Spoilers for You season 4 lie ahead.
"You are full fat, extra sugar, deep-fried fucking insane, Joe Goldberg.”
I eagerly waited a month for the second half of the fourth season of You to be released. I marked it on my calendar, cleared my schedule, and set a reminder on my phone. So alas, when March 9 rolled around, I binged the last five episodes of the season (maybe the last of the series), only to be absolutely devastated by the outcome.
I have been watching You since I was in middle school, and if you aren't familiar with the show, that sounds like a pretty strange sentence. But every season, I've watched the show grow more and more into itself and embrace its absurdity. I had high hopes for season four, and I enjoyed the first half, which you can read about here. The second half feels like a completely new season. None of the episodes flow cohesively, people are dying left and right with little to no rationale, and Joe Goldberg (Penn Badgley), it turns out, has imagined everything this whole time.
Episode five revealed that Rhys (Ed Speelers) was the "eat the rich killer" right before he torched Phoebe's (Tilly Keeper) house. However, there is a significant, borderline-absurd plot twist halfway into the seventh episode that reveals that Rhys was just a figment of Joe's imagination. That is the equivalent of a story ending with “it was all a dream.” It also doesn’t make sense because he was receiving anonymous texts from someone, and unless he sent those texts to himself, it doesn’t quite add up. All season long, Joe was the one murdering people, but he couldn't comprehend it because he suffered from brain damage after hitting his head on a glass cage.

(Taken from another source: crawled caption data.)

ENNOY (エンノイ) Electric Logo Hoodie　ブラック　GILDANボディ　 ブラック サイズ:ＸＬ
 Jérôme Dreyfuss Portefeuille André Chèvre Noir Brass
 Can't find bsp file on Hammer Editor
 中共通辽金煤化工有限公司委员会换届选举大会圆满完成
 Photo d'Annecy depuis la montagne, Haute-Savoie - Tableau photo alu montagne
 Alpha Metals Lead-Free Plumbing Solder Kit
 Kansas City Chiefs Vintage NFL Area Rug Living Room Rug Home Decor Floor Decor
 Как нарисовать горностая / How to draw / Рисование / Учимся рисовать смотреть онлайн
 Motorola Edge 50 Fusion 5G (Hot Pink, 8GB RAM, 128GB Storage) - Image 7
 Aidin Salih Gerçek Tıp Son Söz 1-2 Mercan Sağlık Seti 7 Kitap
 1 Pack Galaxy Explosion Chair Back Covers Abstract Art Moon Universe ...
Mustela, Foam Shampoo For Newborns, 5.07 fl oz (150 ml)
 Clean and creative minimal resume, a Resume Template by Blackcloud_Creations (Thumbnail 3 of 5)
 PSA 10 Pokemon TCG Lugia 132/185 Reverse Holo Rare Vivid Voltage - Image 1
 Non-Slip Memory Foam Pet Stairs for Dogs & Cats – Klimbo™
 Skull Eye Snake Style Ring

Yes, you heard that right. Just when you thought the glass cage was gone (he is on another continent), it comes back. Seriously, why does this guy love the glass cage so much? It turns out that Marienne (Tati Gabrielle) didn't get written off. When Joe found her in London at the beginning of the first episode, he didn't let her go and instead trapped her in a glass cage at an abandoned subway station. At first, he was taking care of her so they could live happily ever after, but apparently, some people don't want to get married to someone who keeps them trapped in a cage. Weird, right? But Joe slams his head on the cage, gets brain damage, and forgets that Marienne is down there.
As if the season couldn't be any more convoluted, Joe’s student Nadia (Amy-Leigh Hickman) becomes suspicious of him. She still thinks is "Professor Moore," leading her to find Marienne on the brink of death. Nadia helps her escape and reunite with her child without Joe knowing, and her storyline tapers off after that. I'm glad that Marienne's character got the conclusion she deserved, but I was only looking forward to more drama with the ridiculous London socialites. Once again, I was disappointed because their drama in the second half was just depressing.
Phoebe becomes an emotional wreck after her vacation home burns down, and all Adam does is leech off of unstable Phoebe. Except for Kate, Adam (Lukas Gage), and Phoebe, the other characters in the first half are never mentioned again. There wasn't any exciting drama; everyone was different (in a bad way) and sad (also in a bad way). The last episode has a brief sequence where Joe attempts to commit suicide by jumping off a bridge so he can end his murderous cycle once and for all but is resuscitated. After the attempt, he and Kate vow to protect one another from themselves and they move to New York City to start their new lives.
All the memory loss storylines of season four come across more as lazy writing than pieces of a complex story. I enjoy it when narratives "show don't tell," and all season four does is tell. In a show like You, it's more intriguing to the viewer to figure out who the imposter is as the story unfolds. They appeared to allude to that in the first half by referencing Agatha Christie and setting up scenarios that seemed like proper whodunnits. The audience cannot figure out anything based on clues, which is really unsatisfying. Joe was always the good guy who occasionally did horrible things; regardless, he was a likable character.
Season four makes him seem like a completely different person in that he is irrational and manic as a result of a brain injury. Part of the reason why people enjoy the show so much is because it's intriguing to watch someone so calm do antagonistic things. That’s where season four disconnects itself from the rest of the show.
Netflix hasn't said if there will be a fifth season yet, but quite frankly, they should not renew it because this series does not need to be milked any more than it has been. There were no indicators in the last episode that the storyline could go on, but I also thought that last season. I'm a little bummed that the season (and potentially show), ended on such a crappy note. I was hoping for satisfying closure, not inconceivable drivel. Despite my bitterness, You had a good run, and I'm glad to have been watching along the way. But after watching the whole fourth season, I’m gonna need my own European vacation to recalibrate.